Wie eine solche Anhörung abzulaufen hat, damit hatte sich kürzlich das Landesarbeitsgericht Erfurt zu beschäftigen (Urteil v. 22.03.2023 – 4 Sa 272/21).
Der Fall
Der Arbeitnehmer war beim Arbeitgeber seit Februar 2018 als „Verpackungshelfer“ beschäftigt.
Der Arbeitgeber verdächtigte den Arbeitnehmer Drogen zu konsumieren. Aus diesem Grund wurde der Arbeitnehmer mit Schreiben vom 25.01.2021 vom Arbeitgeber unter Darstellung der Verdachtsmomente aufgefordert wegen dieses Verdachts einem Drogentest zuzustimmen, diesen durchführen zu lassen und zu dem Verdacht Stellung zu nehmen.
Obwohl der Arbeitgeber darüber informiert war, dass der Arbeitnehmer möglicherweise seine Fahrerlaubnis aufgrund Drogenkonsums verloren hatte, erwähnte er dies in dem Anhörungsschreiben nicht.
Der Kläger verweigerte den Drogentest und äußerte sich zu den Verdachtsmomenten nicht.
Mit Schreiben vom 10.02.2021 kündigte der Arbeitgeber das Arbeitsverhältnis zum 31.03.2021 unter Berufung auf den Verdacht des Drogenkonsums.
Die hiergegen beim Arbeitsgericht Erfurt erhobene Kündigungsschutzklage hatte Erfolg. Das Arbeitsgericht vertrat die Auffassung, dass die ausgesprochene Kündigung unwirksam sei. Hiergegen wandte sich der Arbeitgeber mit seiner zum LAG Thüringen erhobenen Berufung.
Die Entscheidung
Auch das LAG gab dem Arbeitnehmer recht und wies die Berufung zurück.
Seine Entscheidung begründete das LAG vor allem damit, dass der Arbeitgeber den Arbeitnehmer vor Ausspruch der Kündigung nicht ordnungsgemäß angehört habe.
Das Anhörungsschreiben vom 25.01.2021 genüge – so das LAG weiter – nicht den inhaltlichen Anforderungen an eine ordnungsgemäße Anhörung. Eine Anhörung sei nur dann ordnungsgemäß, wenn dem Arbeitnehmer darin alle aus Sicht des Arbeitgebers bestehenden Verdachtsmomente offengelegt werden.
Nur dann könne der Arbeitnehmer hierzu Stellung nehmen und ggf. den Verdacht entkräften.

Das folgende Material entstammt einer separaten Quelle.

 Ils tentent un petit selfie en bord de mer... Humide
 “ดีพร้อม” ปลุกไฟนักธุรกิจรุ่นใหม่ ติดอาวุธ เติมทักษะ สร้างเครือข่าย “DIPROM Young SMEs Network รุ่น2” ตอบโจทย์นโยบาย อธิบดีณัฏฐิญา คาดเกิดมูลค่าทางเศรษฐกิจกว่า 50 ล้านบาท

Im vorliegenden Fall habe der Arbeitgeber es unter Verstoß gegen diesen Grundsatz unterlassen, in dem Anhörungsschreiben das Verdachtsmoment über die möglicherweise verlorene Fahrerlaubnis mitzuteilen. Dies führe zur Unwirksamkeit der Kündigung.
Praxistipp
Trotz dieser aus Arbeitgebersicht negativen Entscheidung ist die Verdachtskündigung ein gutes Mittel, um sich bei einer nicht 100% klaren Faktenlage dennoch vor dem Arbeitsgericht durchzusetzen.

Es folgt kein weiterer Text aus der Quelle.